Florida farmers identify water quality concerns, plan to avoid another crisis
From the fish to your fridge, the state of our water may affect the people who grow the food you eat.
The push is on to get to the bottom of water quality concerns to avoid the terrible consequences of last year’s crisis.
“It was identified that every aspect of the state has an issue with water quality,” said Mary Hartney, president of the Florida Fertilizer and Agrichemical Association. “So urban, agricultural, stormwater, wastewater and if we all concentrate our efforts, we’re going to solve this problem.”
Those same problems also impact the people who put food on our table.
“We also need to be able to grow things productively and responsibly,” Hartney said.
Tom Frick, from the Florida Dept. of Environmental Protection, joined a talk in Fort Myers Wednesday. One key concern he addressed was restoration.

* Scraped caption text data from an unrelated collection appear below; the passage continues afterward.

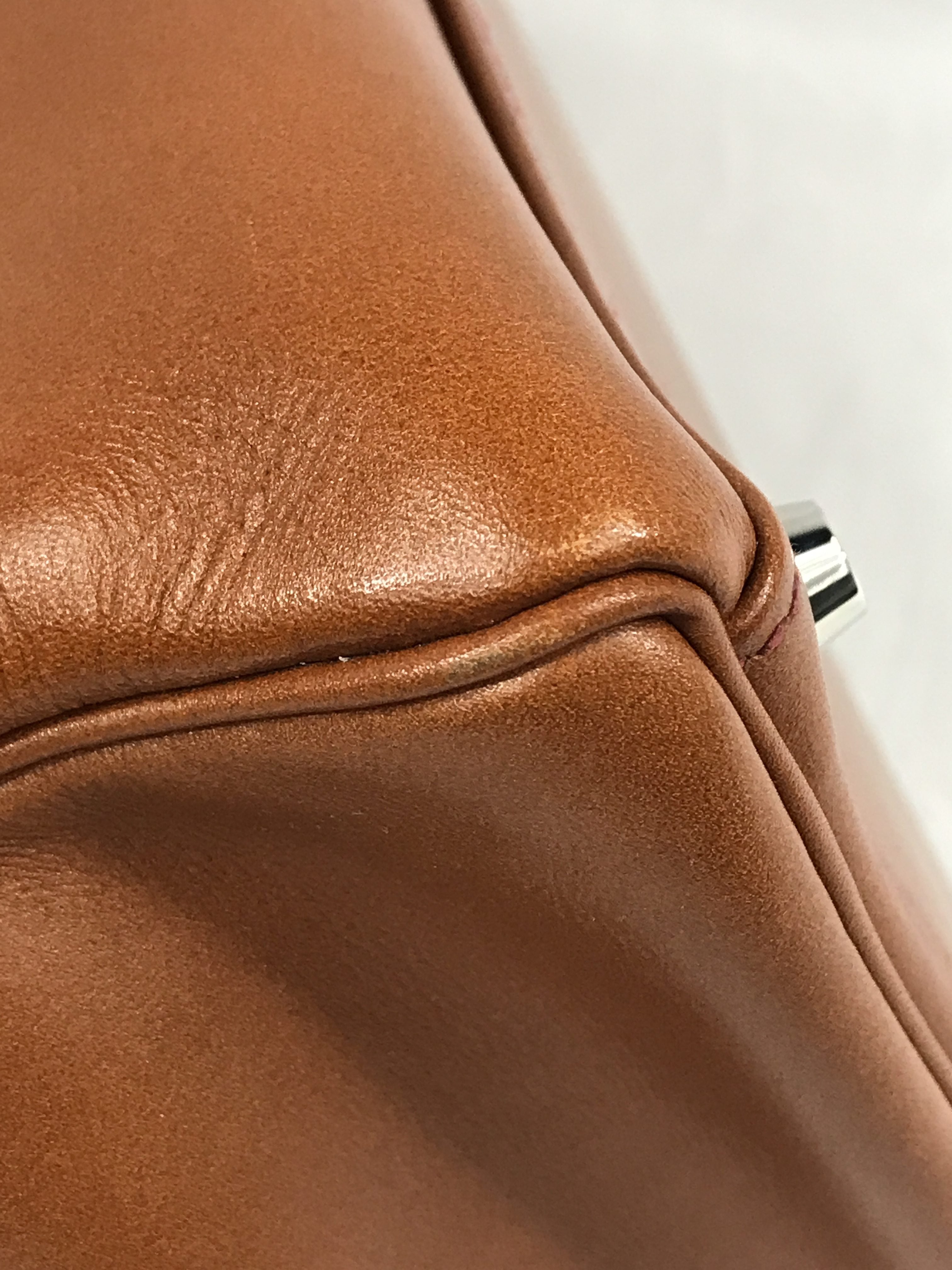 Special Order Gold Box Calf/Rouge H Chevre Mysore Leather Kelly 35 W/PHW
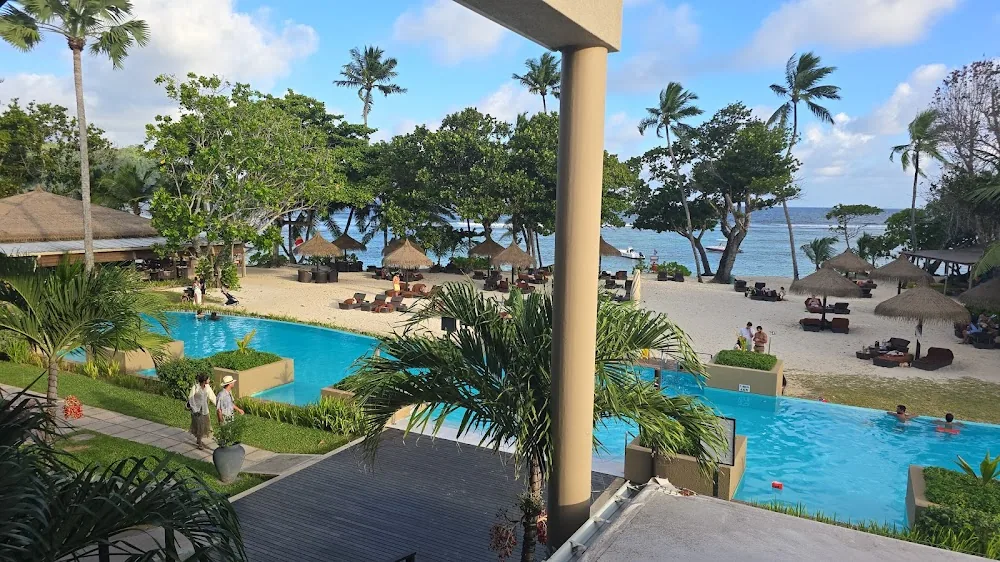 Kempinski Seychelles Resort, Mahé. A view of the setting.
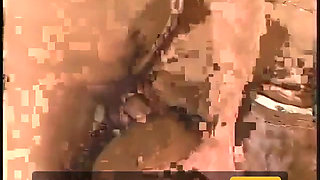 Experienced white stud gets his cock sucked and fucked by slender young black babe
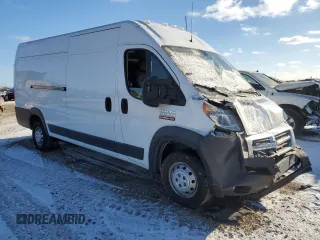 2018 Ram ProMaster Cargo with VIN 3C6URVJG4JE149236, listed as a Copart auction lot 80940234 with Not Provided miles and Salvage Title. Bid and sale history available at carsss.com. Image 4.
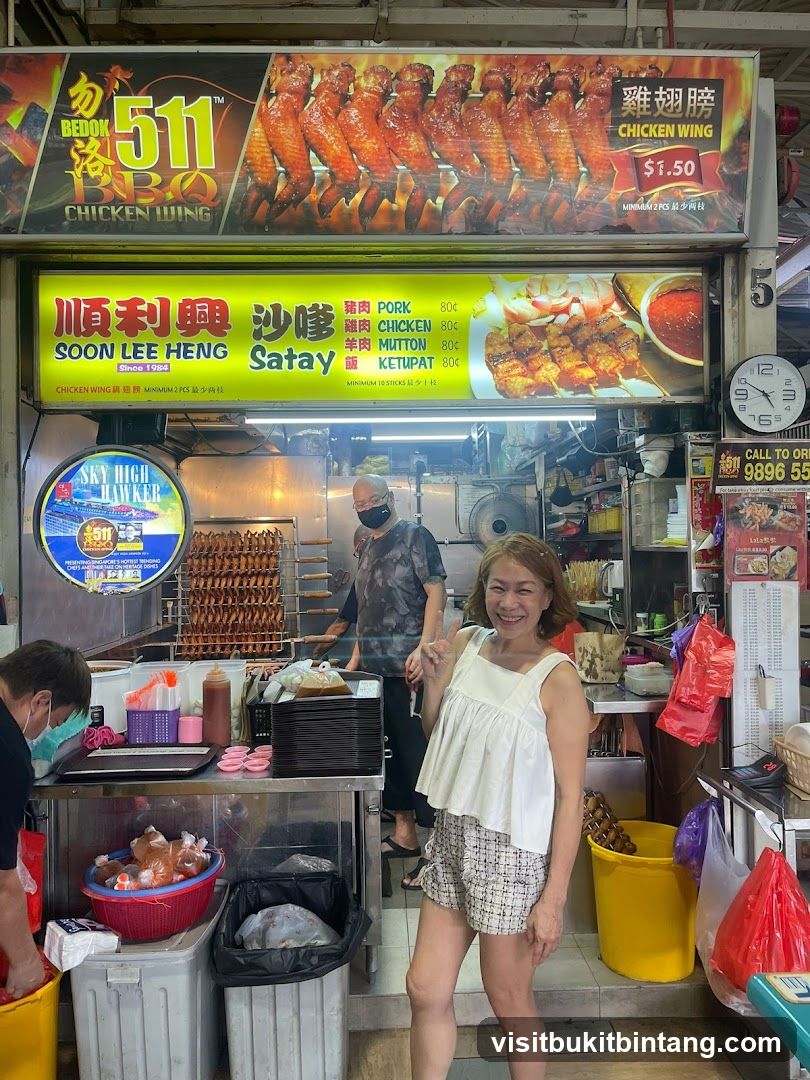 Chicken Wing and Satay Stall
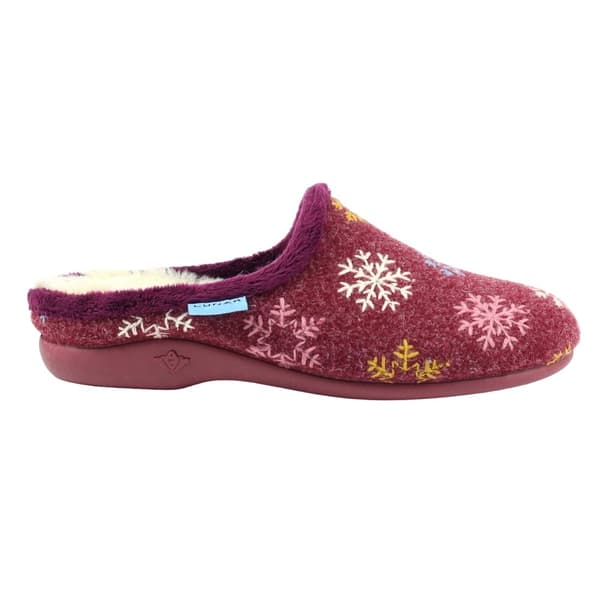 Lunar Womens/Ladies Juniper Snowflake Slippers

“Second day in office, Gov. DeSantis said we need to take care of these blue-green algal blooms that are happening down here in South Florida,” Frick said. “He charged the department with updating those restoration plans for Lake Okeechobee, Caloosahatchee and St. Lucie.”
Those plans include cutting down pollutants entering the water, along with monitoring water quality more often and making rules for the use of biosolids, otherwise known as sludge, which can be used in addition to fertilizer on crops.
“What that means to you all is the impact will be,” Frick said. “There will be less bio-solids that will be allowed to be applied on some properties.”
As growers look at impacts, a new generation has too.
“Obviously conserving our resources and making sure future generations really have enough water and a good quality of water,” said Chris Schuchmann of Tiger Creek Nursery, “to benefit from and continue our agricultural system.”